A geographically parsimonious hypothesis would be that a major component of present-day European ancestry was formed in eastern Europe or western Siberia where western and eastern hunter-gatherer groups could plausibly have intermixed. Motala12 has an estimated WHG/(WHG+ANE) ratio of 81% (S12.7), higher than that estimated for the population contributing to modern Europeans (Fig. S12.14). Motala and Mal’ta are separated by 5,000km in space and about 17 thousand years in time, leaving ample room for a genetically intermediate population. The lack of WHG ancestry in the Near East (Extended Data Fig. 6, Fig. 1B) together with the presence of ANE ancestry there (Table S12.12) suggests that the population who contributed ANE ancestry there may have lacked substantial amounts of WHG ancestry, and thus have a much lower (or even zero) WHG/(WHG+ANE) ratio.

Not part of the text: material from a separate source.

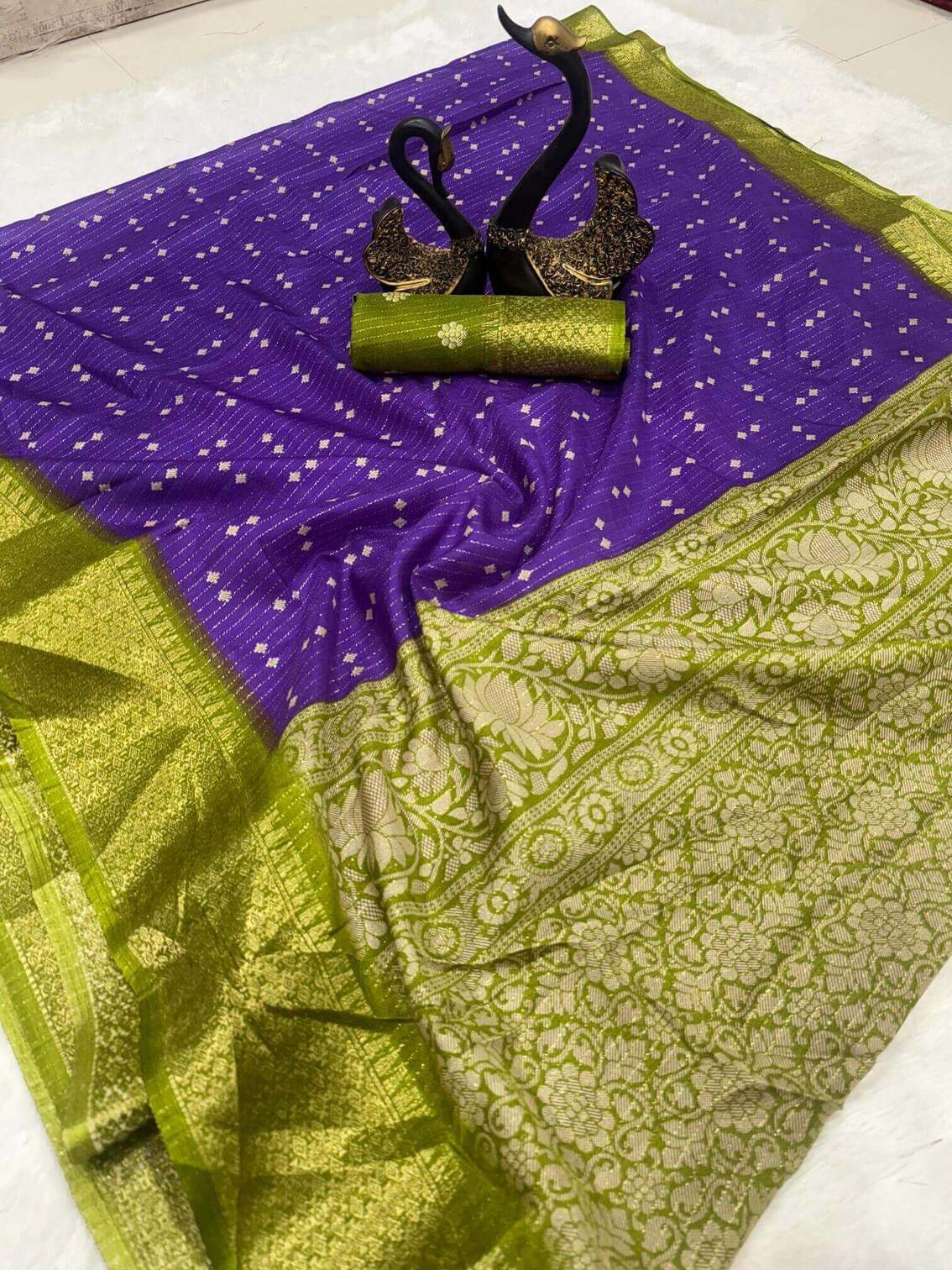 Luminous Purple Printed Dola Silk Saree With Trendy Blouse Piece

So perhaps the 17,000 year-old Afontova Gora 2 (AG2) genome from Central Siberia, classified as part of the ANE meta-population by Lazaridis et al., is genetically the closest sample we have to the Proto-Indo-Europeans? Based on a couple of the PCA from Lazaridis et al. (below) and Raghavan et al. (see here), this genome doesn't appear to be 100% ANE. My very rough estimate is 85/15 ANE/WHG.

If my assumptions are correct here, then it's no wonder that this Bronze Age Danish sample (M4) from the recent Carpenter et al. paper (see here) shows a clear shift towards the Americans on the global PCA. M4 is better known as "the old man" from the giant Borum Eshøj barrow (see here), presumably built by some of the earliest Indo-Europeans in Scandinavia. We can probably expect such Afontova Gora 2-like results from many European samples archeologically linked to the early Indo-Europeans.